Deux articles de l’ordonnance de Villers-Cotterêts, signée par François Ier en août 1539, donnèrent une assise juridique à ce processus :
Article 110 : Afin qu’il n’y ait cause de douter sur l’intelligence des arrêts de justice, nous voulons et ordonnons qu’ils soient faits et écrits si clairement, qu’il n’y ait, ni puisse avoir, aucune ambiguïté ou incertitude, ni lieu à demander interprétation.
Article 111 : Et pour ce que telles choses sont souvent advenues sur l’intelligence des mots latins contenus dans lesdits arrêts, nous voulons dorénavant que tous arrêts, ensemble toutes autres procédures, soit de nos cours souveraines et autres subalternes et inférieures, soit de registres, enquêtes, contrats, commissions, sentences, testaments, et autres quelconques actes et exploits de justice, soient prononcés, enregistrés et délivrés aux parties, en langage maternel français et non autrement.
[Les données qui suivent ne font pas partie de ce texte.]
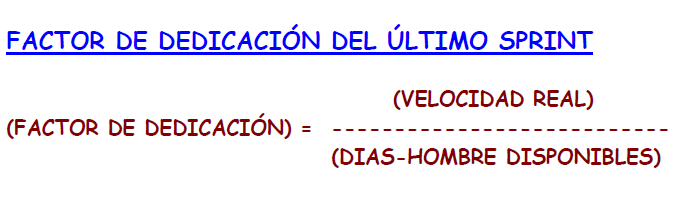 Factor de dedicación del último sprint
Ainsi la vie publique du pays était-elle indissociablement liée à l’emploi scrupuleux (afin de ne laisser « aucune ambiguïté ou incertitude ») du « langage maternel français ». Ce texte fondateur doit être rapproché de la Deffence et Illustration de la langue françoyse (1549). Le manifeste du groupe qu’on appellera plus tard la « Pléiade » proclame, exactement dix ans après l’ordonnance de Villers-Cotterêts, l’excellence et la prééminence du français en matière de poésie. On le voit, l’attachement résolu à la langue française répond à une exigence à la fois politique, juridique et littéraire.
C’est la même exigence qui conduit à la création de l’Académie française en 1635. Selon les termes de Marc Fumaroli, Richelieu a fondé l’Académie pour « donner à l’unité du royaume forgée par la politique une langue et un style qui la symbolisent et la cimentent ». Ainsi, l’article XXIV des statuts précise que « la principale fonction de l’Académie sera de travailler avec tout le soin et toute la diligence possibles à donner des règles certaines à notre langue et à la rendre pure, éloquente et capable de traiter les arts et les sciences ».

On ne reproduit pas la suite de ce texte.